Learning Three.js, FlyJSONP, HTML5Sticky

19 Aug 2011 | By Alex Young | Tags jsonp webgl apps

Learning Three.js

Learning Three.js by Jerome Etienne is a new blog full of tutorials about Mr.doob’s three.js. There’s already quite a few tutorials, with one covering drawing a cube, skyboxes and tweening.

If you’d like to learn WebGL but you’re afraid it’s only for genius mind wizards, then try reading right from the start where Jerome demonstrates how to install Three.js, then follow on to the cube tutorial. And if you make something cool, send it to us.

FlyJSONP

I noticed that TJ is still actively working on superagent which is shaping up to be a great all-purpose browser-friendly network library. Meanwhile, DailyJS reader Abdulrahman Alotaiba sent in FlyJSONP (GitHub: alotaiba / FlyJSONP, License: GNU GPLv3). This library supports cross-domain GET and POST (passed through YQL).
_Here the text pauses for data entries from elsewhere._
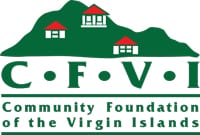 community foundation of the virgin islands logo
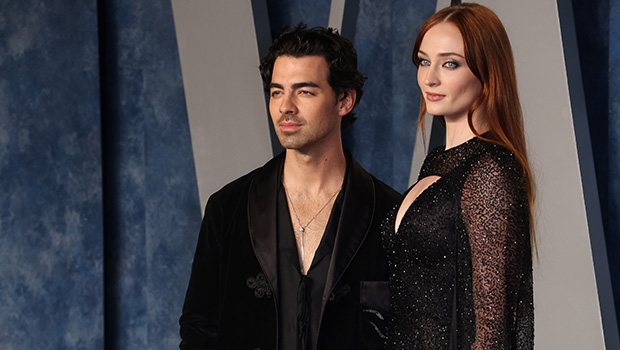 Joe Jonas divorce de Sophie Turner – Hollywood Life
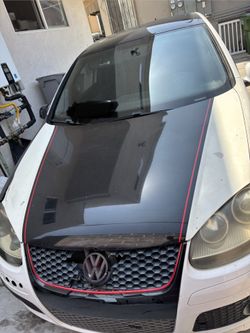 2008 Volkswagen GTI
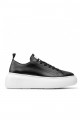 маратонки,дамски,маратонки,armani,exchange,xdx043,xcc64,trainers,black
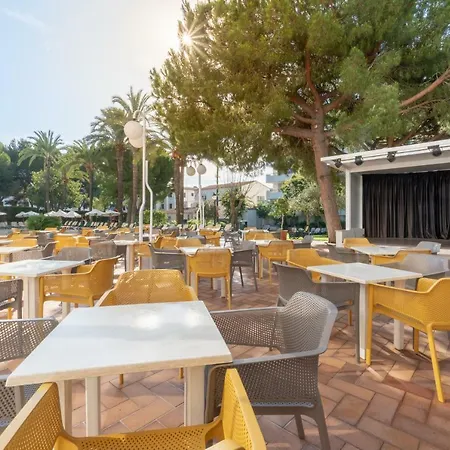 Tropicana Hotel-3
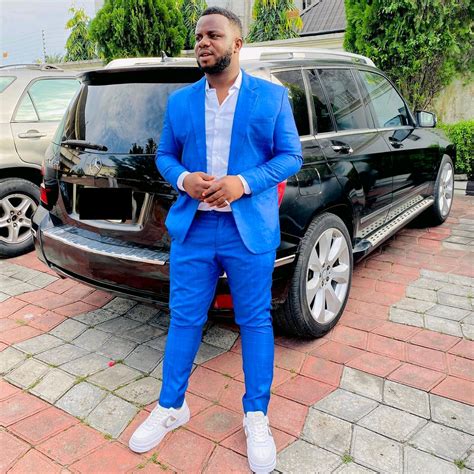 Mr Funny Oga Sabinus Biography Age Net Worth Wife House Cars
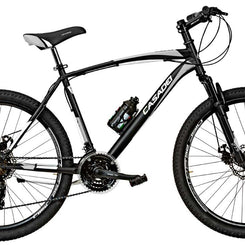 Bici MTB Nevada 27,5 Front
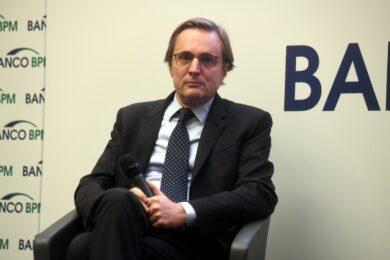 Banco Bpm, Tononi presidente e Castagna Ad. Approvato il bilancio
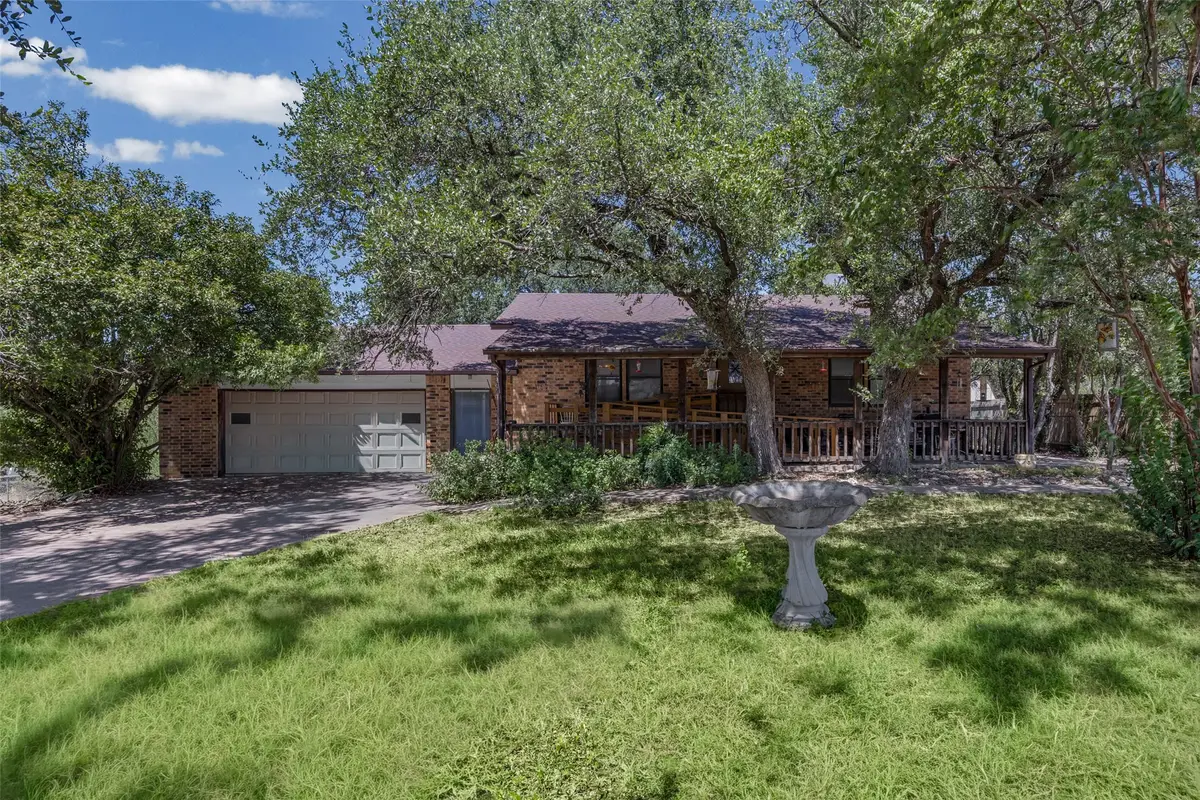 20604 Dawn Drive, Lago Vista, TX 78645 - #1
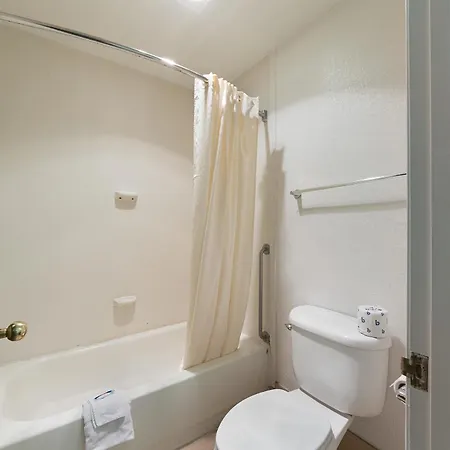 Motel 6-San Antonio, Tx - Fiesta Trails Exterior foto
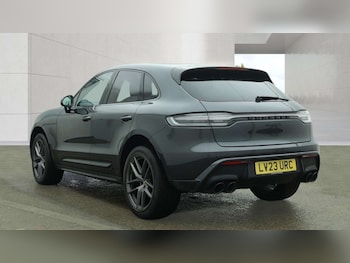 Used Porsche Macan 2023 for sale - 78804156: Photo
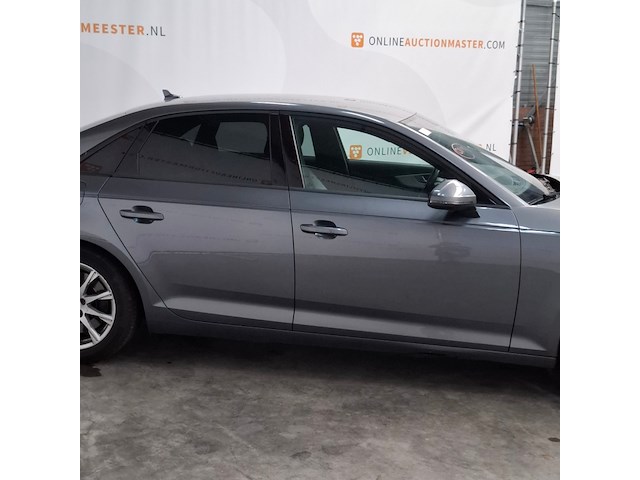 Personenauto, audi, 2.0 tfsi s-tronic, 2016 - afbeelding 42 van  46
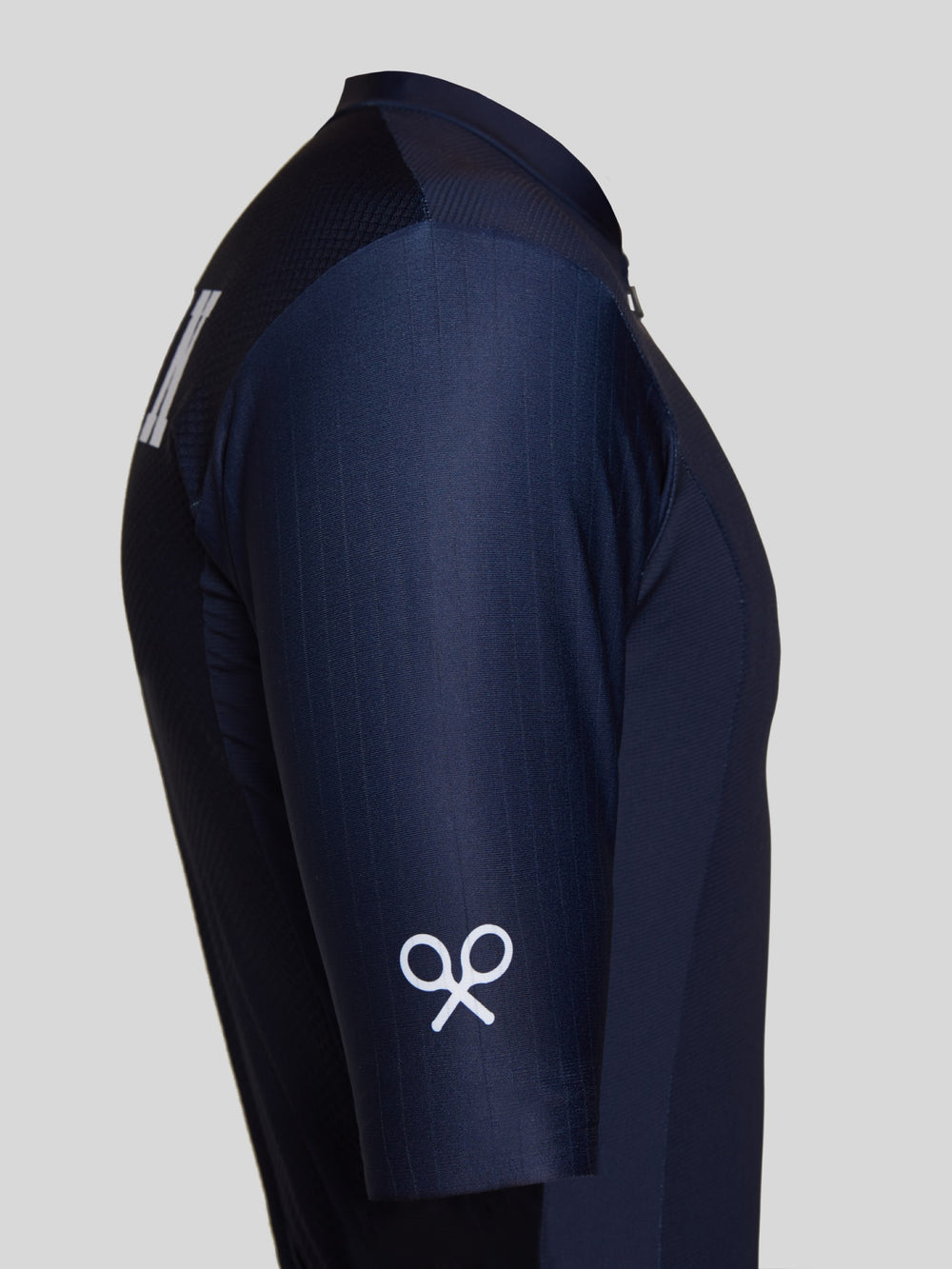 Maillot Silbon bleu aquamarine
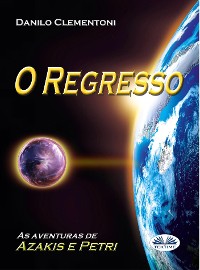 Cover O  Regresso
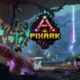 PixARK: Terracrypt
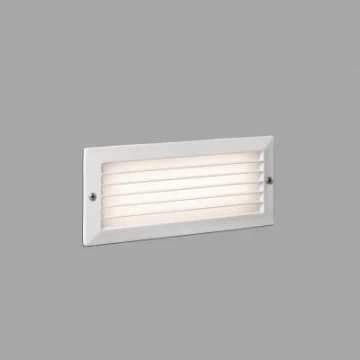 FARO 72094 - LED Lampă încastrată exterior STRIPE-1 LED/5W/230V IP54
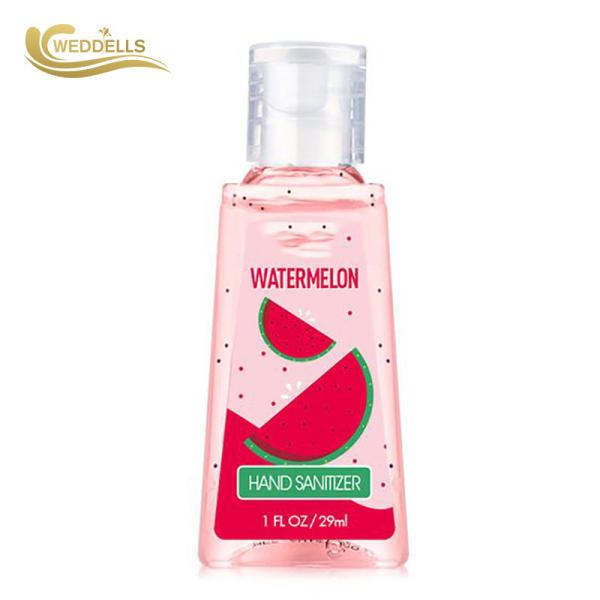 Buy cheap Moisturizing Skin And Keep Health MSDS Germ Hand Sanitizer from wholesalers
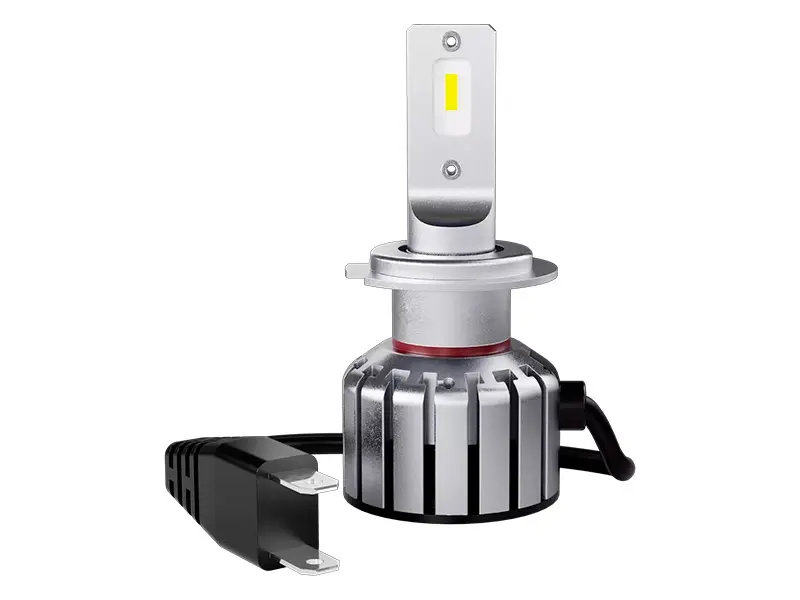 Osram LED pirnipaar H7 3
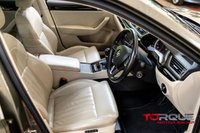 USED 2016 16 SKODA SUPERB 2.0 TDI Laurin & Klement Hatchback 5dr Diesel Manual Euro 6 (s/s) (150 ps)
The author’s example demonstrates cross-domain POST:

FlyJSONP.post({
  url: 'http://storify.com/story/new',
  parameters: {
    username: 'your-username',
    api_key: 'secret-api-key',
    title: 'FlyJSONP',
    description: 'Testing it out'
  },
  success: function(data) {
    console.log(data);
  }
});

By using the YQL service, FlyJSONP has a small footprint and no dependencies. And you can try it out at the FlyJSONP demo page. And it’s good to see that the author has included QUnit tests!

HTML5Sticky

HTML5Sticky (demo, License: MIT) is actually a full-blown application by Sarfraz Ahmed that uses HTML5 trickery (local storage, CSS3, Google Web Fonts) to create a dynamic dashboard of sticky notes. He’s used Modernizr so it supports slightly older browsers like IE8 and Firefox 3.5.